Even so, from time to time I get to leave the office and head out in to the world. For a couple of days this week, one of my engineers and I are making a swing through some of our remote transmitter / microwave sites in eastern Oregon. These are the kinds of sites that you may have seen from time to time – a lonely tower on a hill out in the middle of nowhere with big round microwave antennas on it. They’re remote, they’re hard to get to, for a lot of the year in this neck of the woods they’re buried under feet of snow and in the case of the broadcast stations using them, they bring local over-the-air television to rural areas all over the western USA. We charge up these hills in 4WD trucks so that our viewers can watch The Simpsons and football (both the American variety and real football … a.k.a. “soccer”) and Perry Mason and Glee and the News. We end up coming to these sites at various times all the year ’round, including the middle of winter on snow machines, in the rain and mud, in fog, in smoke and at other times when conditions are less than optimal and you’re not sure that even with a very capable 4WD that you’re going to make it up – or back home for that matter.

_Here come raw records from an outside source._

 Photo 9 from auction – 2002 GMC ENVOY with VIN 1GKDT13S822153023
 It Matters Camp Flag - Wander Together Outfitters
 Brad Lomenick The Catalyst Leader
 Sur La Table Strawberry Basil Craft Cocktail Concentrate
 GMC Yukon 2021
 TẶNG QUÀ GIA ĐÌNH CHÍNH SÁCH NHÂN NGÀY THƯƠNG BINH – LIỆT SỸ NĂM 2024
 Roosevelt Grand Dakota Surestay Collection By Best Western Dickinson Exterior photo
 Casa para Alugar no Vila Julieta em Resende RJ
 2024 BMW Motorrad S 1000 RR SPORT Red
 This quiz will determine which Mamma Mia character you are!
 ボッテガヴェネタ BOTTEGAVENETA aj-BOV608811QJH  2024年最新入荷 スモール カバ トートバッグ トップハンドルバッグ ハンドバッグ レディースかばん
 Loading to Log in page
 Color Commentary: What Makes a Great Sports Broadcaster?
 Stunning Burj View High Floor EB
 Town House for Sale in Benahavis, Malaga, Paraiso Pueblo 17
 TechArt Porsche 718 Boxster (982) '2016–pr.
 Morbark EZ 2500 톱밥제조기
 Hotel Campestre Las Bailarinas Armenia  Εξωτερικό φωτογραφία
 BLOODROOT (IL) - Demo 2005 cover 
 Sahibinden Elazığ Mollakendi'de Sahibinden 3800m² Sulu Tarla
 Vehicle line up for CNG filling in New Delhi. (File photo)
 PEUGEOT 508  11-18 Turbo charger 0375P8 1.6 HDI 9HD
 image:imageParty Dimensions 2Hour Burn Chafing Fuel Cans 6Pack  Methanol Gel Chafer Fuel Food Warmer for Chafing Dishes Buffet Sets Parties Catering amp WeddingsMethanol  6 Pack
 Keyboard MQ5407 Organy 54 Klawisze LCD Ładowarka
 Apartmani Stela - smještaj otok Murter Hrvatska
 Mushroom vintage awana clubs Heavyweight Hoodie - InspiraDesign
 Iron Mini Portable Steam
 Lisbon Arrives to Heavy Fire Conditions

But on some days – like these couple of glorious days in eastern Oregon, it is entirely possible to arrive at the top of a mountain after bouncing your kidneys up 20 miles of very “off” off road terrain, fire roads, logging roads and such (in some cases, you wonder why the heck you didn’t make the trip on a horse) and find yourself on a piece of Real Estate with a view that’s, well, hard to describe. Especially when you’re out here in the wide open west, some of these sites are in very rural areas; far, far away from anything like a “city” and completely surrounded by open range and other mountains. You get to a point where you almost feel guilty for getting to be there ………… almost. So you admire the view for a while, take some pictures, stretch, and then get down to whatever work you’re there for in the first place. in our case this week, that means some maintenance, some documentation, some tests and some research.
Of course, the ironic bit is that after bouncing your kidney’s up 20 miles of very “off” off road terrain, your first view of the glorious scenery is usually from out behind the building near the tower while you’re, um, “watering the bushes.”